There is discussion elsewhere on A319NEO and separately the densification by airlines of single isle aeroplanes. Adding this to the sales of A319s into the second user market, it seems that in quick time many European airlines will have a mainline fleet going down to 180 seat aeroplanes, with nothing below.
This is the gap in the market correctly identified for the C Series. For the nation which produced the Avro Arrow, this should not be a surprise. Luck and the USA were against them with that brilliant effort, but this time round the C Series has escaped a similar fate.

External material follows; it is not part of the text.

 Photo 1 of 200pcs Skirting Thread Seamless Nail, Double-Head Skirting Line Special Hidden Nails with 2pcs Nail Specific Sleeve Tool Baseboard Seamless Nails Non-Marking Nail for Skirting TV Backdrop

So what market is the C Series aimed at today? It is the below180 seat markets seemingly being vacated by many airlines. Is this the regional market in the context of geographical European domestic regions? Such as the UK’s domestic Northern Powerhouse , Midlands Engine, the Southwest, Wales and the Scottish Highlands? I feel sure that there are many equivalent domestic regions elsewhere in geographical Europe which would benefit from links to geographic European hub and non-hub airports.
The latest Gov UK stuff on new runway capacity (i.e. Heathrow v Gatwick) says that at least 14 domestic routes could be served from an expanded Heathrow, compared to the eight routes currently in operation. The 8 domestic routes operating today are Aberdeen, Belfast City, Edinburgh, Glasgow, Inverness, Leeds Bradford, Manchester and Newcastle. The at least additional 6 are Belfast International, Durham Tees Valley, Humberside, Liverpool, Newquay, and Prestwick.

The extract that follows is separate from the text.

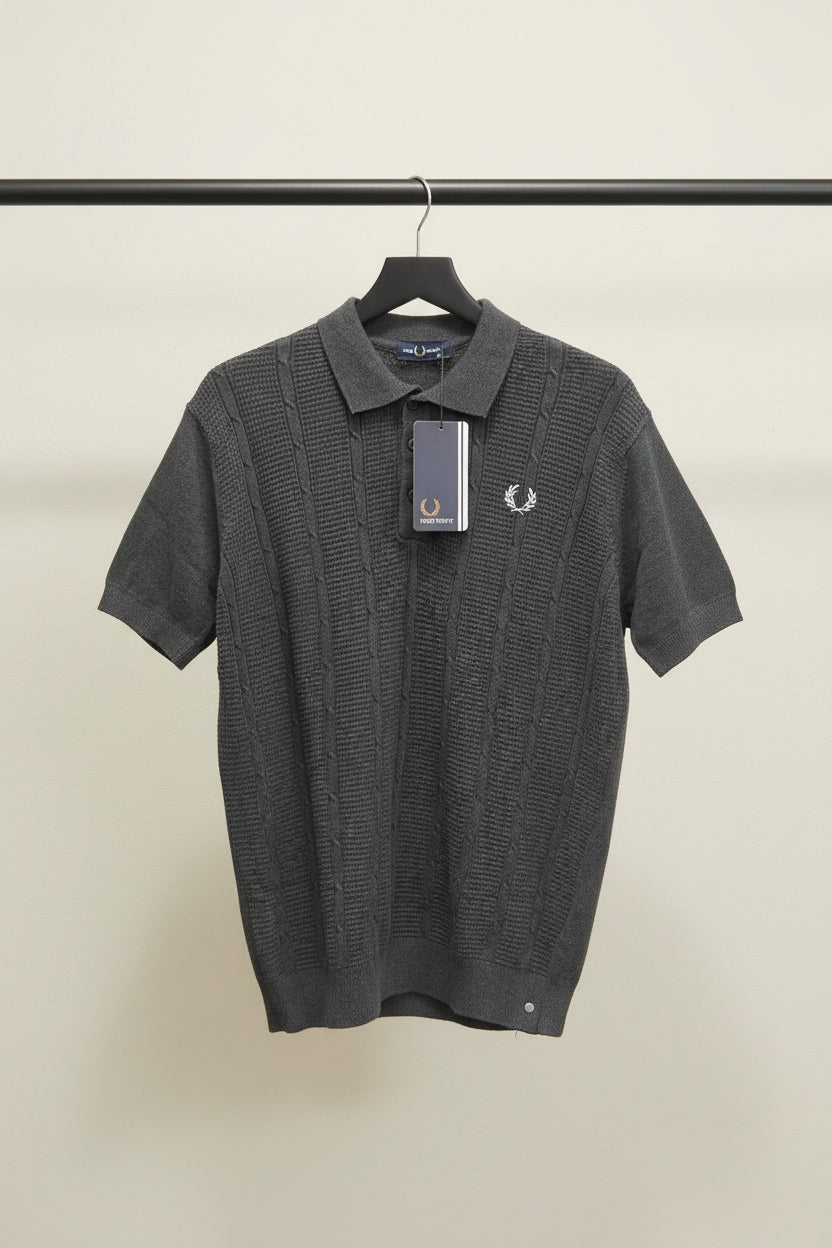 Fred Perry Men's Grey Cable Knit Polo Shirt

On the other hand, UK is starting to see the arrival of huge new fleets of modern railway trains to run on existing and new tracks. These are expected to increase the market share of long distance rail. In the case of the East Coast Main Line (London to Edinburgh, with the many stops between) from say 20% to nearer 50%. The Channel Tunnel is the exemplar.
In terms of UK domestic airlines, frequency with 180 seaters will therefore tend to fall, but the lowest sensible frequency needs to be 2 or perhaps 3 per day. This UK regional market needs the C Series. So does geographic Europe’s regions, where trans-national rail is an existing competitor.
So why not a new pan-European airline without any historic baggage of poor labour practices and old fashioned outlook to fill this growing void across Europe? This airline might be called ‘Regio’. It would initially need a substantial fleet of C Series, which would be set to lead a busy and long life. Who is best fitted to initiate Regio? Answers on a post card please.